Ho: p2 = p1 versus Ha: p2 != p1

`Study parameters:`

`alpha = 0.0500`

power = 0.8000

delta = 0.2000 (difference)

p1 = 0.6600

p2 = 0.8600

`Estimated sample sizes:`

`N = 142`

N per group = 71

The result of the power analysis tells us that we need to recruit 142 participants into the study in which we enroll 71 in the new program and rely on the remaining 71 as a control group.

Let us say we now want to relax the 0.8 assumption of the power of the test and allow 4 different values ranging from a low of 0.6 to a high of 0.9

`power twoproportions 0.66 0.86, power(0.6 0.7 0.8 0.9) alpha(0.05)`

`Performing iteration ...`

`Estimated sample sizes for a two-sample proportions test`

Pearson's chi-squared test

Ho: p2 = p1 versus Ha: p2 != p1

`+-----------------------------------------------------------------+`

| alpha power N N1 N2 delta p1 p2 |

|-----------------------------------------------------------------|

| .05 .6 90 45 45 .2 .66 .86 |

| .05 .7 112 56 56 .2 .66 .86 |

| .05 .8 142 71 71 .2 .66 .86 |

| .05 .9 188 94 94 .2 .66 .86 |

+-----------------------------------------------------------------+

The command gives us the sample size of the 4 different scenarios with a low of 90 participants to a high of 188. As expected, the higher the power of the test the larger the sample size that is required.

We can graph the above table using the below command:

`power twoproportions 0.66 0.86, power(0.6 0.7 0.8 0.9) alpha(0.05) graph`

In some cases, the sample size has been predetermined. For a variety of reasons which could eligibility into a program, financial, etc. the number of participants in a study is known and also fixed. In the above example assume the number of participants eligible for the innovative education program is 120. How much power can we detect from the given sample size and a number of different magnitude effects of the program? As a reminder, power of a test is the probability of making a correct decision (in order words to reject the null hypothesis) when the null hypothesis is actually false.

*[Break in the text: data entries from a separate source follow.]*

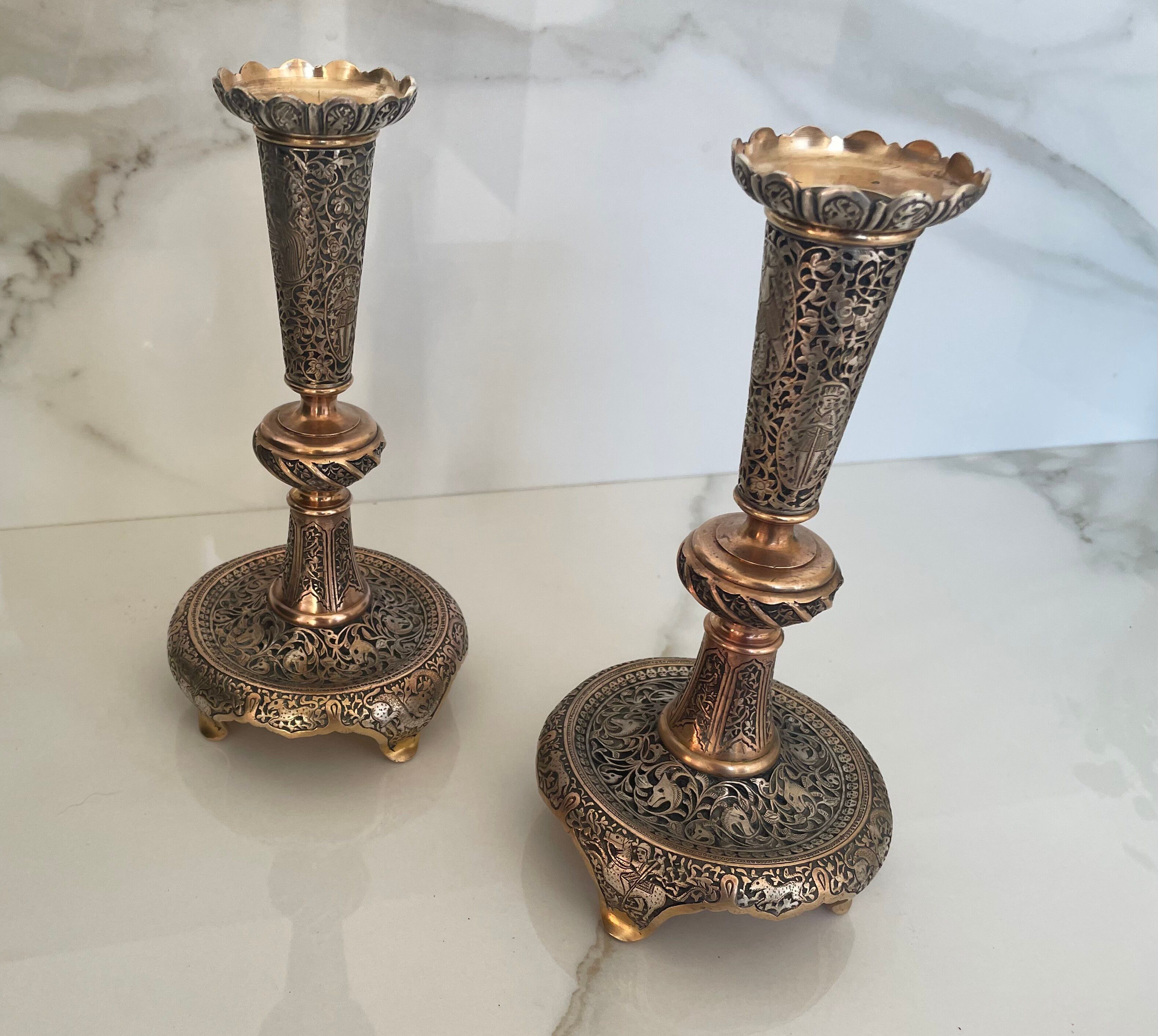 Paire de bougeoirs persans, style kadjar, début XXe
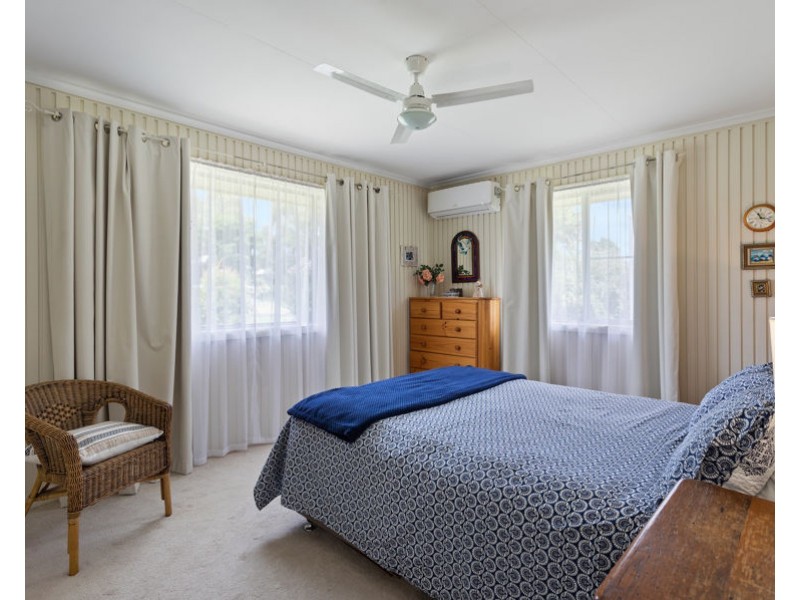 16 Albert Street, Crows Nest QLD 4355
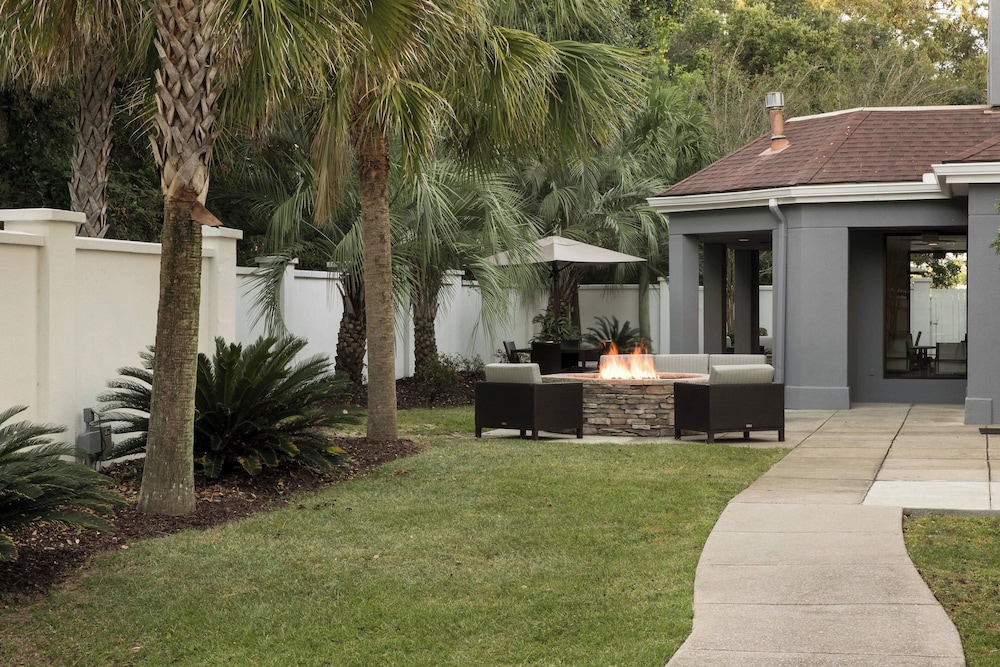Courtyard Pensacola - photo 35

`power twoproportions 0.66 (0.71 0.76 0.81 0.86), n(120) alpha(0.05) graph`

In the above command, we fix sample size to 120 and suggest 4 different effect sizes each increasing by 5 percentage points from the initial 66% proportion of GED completion rates.

The resulting graph suggests low power with the highest being 73% for an effect of 20 percentage points increase in the proportion of GED completion rate. This is not surprising given that the first command gave us a required 142 participants to get the same effect with a power of 80%. With less number of participants, we expect lower power.